Gant was raised in Detroit, first exposed to the drums in a school band where he quickly came to the attention of peers Barry Harris and Hugh Lawson. “The band director told me I will never be able to play professionally”, he said, with a restrained laugh. “But I practiced. I was serious. Played in my basement every day and I took lessons.”
The drummer’s words were labored, but intent on being heard. His voice, broken with coarse spastic utterances, channeled lasting memories. “Barry, Hugh and I played together, but my first record date wasn’t until 1954 with the Billy Mitchell Band. It was a 7-piece,” he stated. As he searched his memory, Gant’s eyes became riveted, indicating an excitement stifled, perhaps manacled, by illness. “Right after that, I recorded with Sonny Stitt.” This was the event that put him into the category of top-flight sidemen. Among the gigs that came along in the immediate period were several revered nights accompanying Billie Holiday.
Frank served as house drummer at Club 12, a Detroit space which hosted giants including Thelonious Monk. He quickly moved beyond local status and began touring with a wide array of musicians. During one of these road trips he crossed paths with Charlie Parker. “Bird was the man. That’s all there’s to say,” Gant affirmed. “I asked him which drummer he liked best, Max Roach or Roy Haynes,” he reminisced, citing Parker’s groundbreaking percussionists. “Bird said it was Max.” Gant, too, viewed Roach as the master, the architect of modern jazz drumming, while also honoring Haynes. “Be-bop. That’s what I played. I don’t care who I played with, but I played be-bop,” he added tersely.
Other decisive factors in Gant’s career included several gigs with Miles Davis. “I met Miles in Detroit and played in his band with Red Garland and Reggie Workman.” He also performed with Lester Young and came to drive many ensembles at home or on tour. Recording dates with Harris were followed by those with Donald Byrd, J.J. Johnson and Yusuf Lateef, leading names of the day as post-bop cast new genres to a hungry listening public.
“And then in 1960 I came to New York to play a gig at the Apollo — and stayed. Every club had music then. Uptown, downtown, everywhere.” Gant rarely refused work as he was raising a young family. The drummer picked up a regular spot in Harlem with organist Bobby Foster but also performed in this period with Ernestine Anderson, George Coleman and Monty Alexander, gigging quite regularly at the Village Vanguard, the Village Gate and countless other spots. Concurrently, Gant joined Ahmad Jamal’s band, the leader he was most closely associated with over the years. Publicity photos of the day feature the dashing drummer behind a set of glimmering Sonors, indicating the level of esteem he carried. As a member of the Jamal band during a seminal period, he recorded albums such as “Heat Wave” (1966), “Cry Young” (1967), among many others. The band was also captured in concert to great effect on several other releases.

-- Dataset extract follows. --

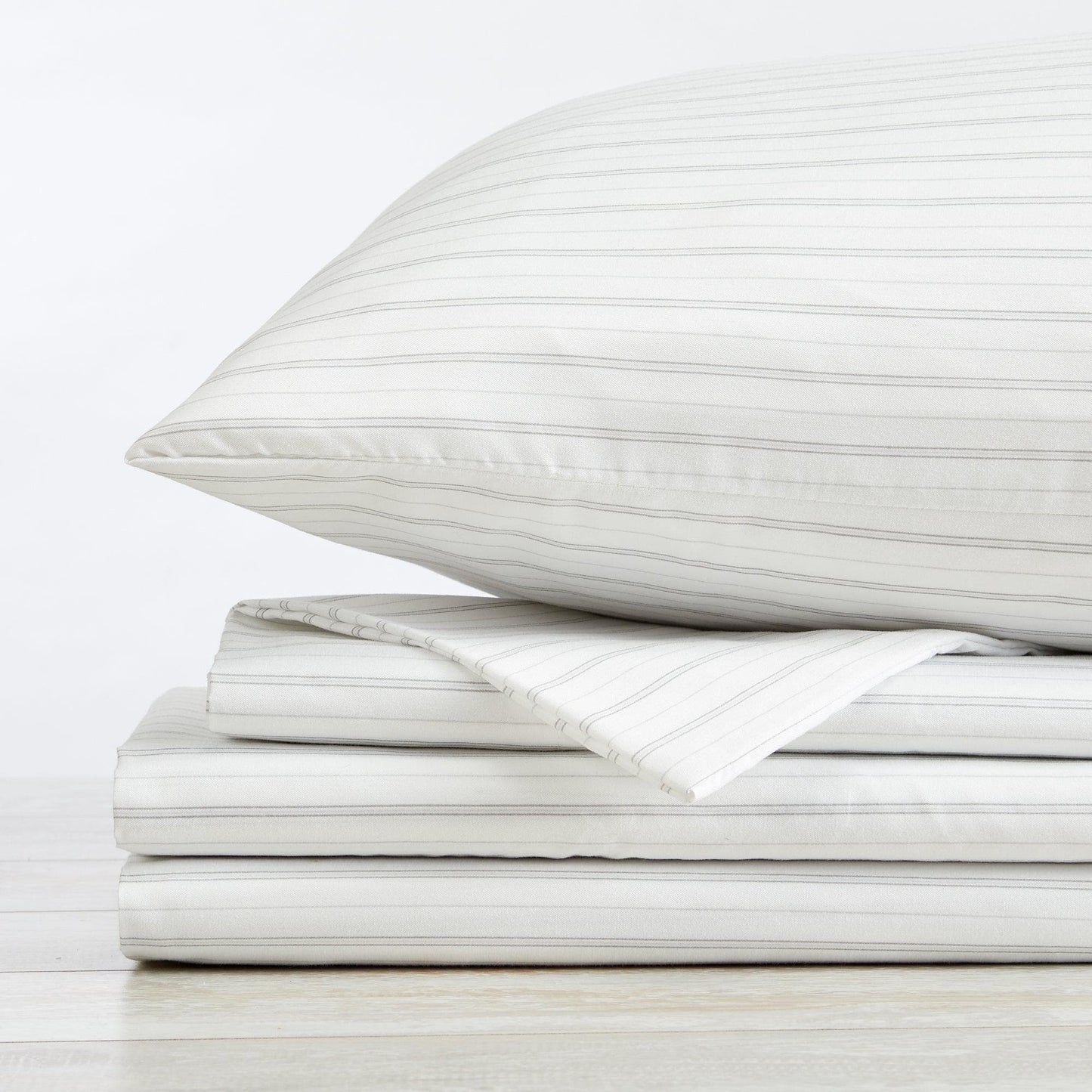 Sleep City Twin / Sky Blue Microfiber Stripe Sheet Set - Adeline Collection Great Bay Home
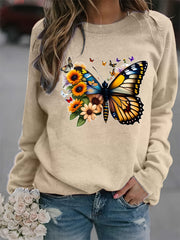 Butterfly Sunflower Print Sweatshirt Women's Casual Long Sleeve Crew Neck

In the 1970s, 80s, 90s and into the early 2000s, Gant’s touring and recording schedule rarely if ever let up. In addition to the full-time gig with Jamal, he played in bands led by Al Haig, and was called back into service for major label record dates with Garland, Stitt, Anderson, Lateef and Johnson. This steady pulse that bridged decades, however, only wavered his course when his own hands came to betray him.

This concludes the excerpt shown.